Cyberattack Grammars for Risk/Cost Analysis

Patten, T., Mitchell, D., and Call, C.

ICCWS 2020 : 15th International Conference on Cyber Warfare and Security, Norfolk, VA (March 2020).

In practice, mitigating cyber risk involves economic analysis—it is not realistic to eliminate all risk, so the goal is to find the most cost-effective mitigations for the most significant risks. This economic analysis, however, requires principled quantification of cyber risk. This paper describes how to enhance attack tree analysis (Schneier, 1999) to enumerate the possible attacks against a specific system and to assign risk values to each attack. This enumeration enables the attacks ruled out by a specific mitigation to be counted, and the corresponding risk reduction to be calculated precisely. Assigning a cost to each mitigation enables risk mitigation to be related to cost. Specifically, a weighted-set-covering analysis reveals the sequence of mitigations that achieve the greatest risk reduction per unit cost. The result of this analysis is a curve that shows how much the cost goes up as the risk comes down, directly revealing how much cyber risk can be mitigated for a specific cost, how much it would cost to mitigate 80% of the cyber risk, etc. This quantitative, objective approach to cyber risk/cost analysis enables stakeholders to allocate their cyber defense resources efficiently. 

Traditional attack tree representations struggle to scale to large, complex systems.
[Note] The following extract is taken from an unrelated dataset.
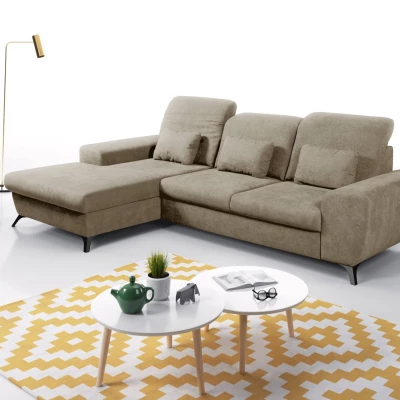 Rohová sedačka rozkládací JASPERA - světlá hnědá, levý roh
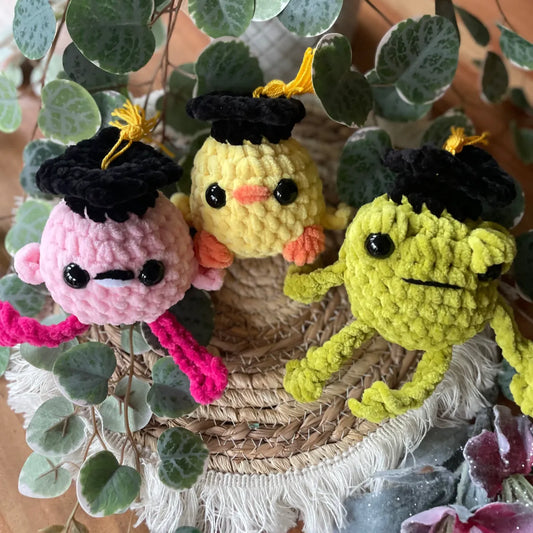 Amigurumi Flamingo mit Graduation Hut handgehäkelt, ca. 13 × 13 cm, Handmade Kuscheltier zur Matura oder Abschlussfeier von Loras Handicrafts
Our approach addresses this issue by representing attack trees using a highly scalable grammar formalism from linguistics. By necessity, linguistic grammars must be extremely compact representations of the large decision spaces associated with languages such as English and Chinese. Mechanisms such as class inheritance and recursion capture the generalizations needed to achieve scalability. In particular, Halliday’s (2003) Systemic Functional Grammar is a grammar formalism that retains the functional and graphical nature of traditional attack trees while enhancing scalability. Using Systemic Functional Grammars to represent attack trees enables precise risk/cost analyses to scale to address large, complex systems.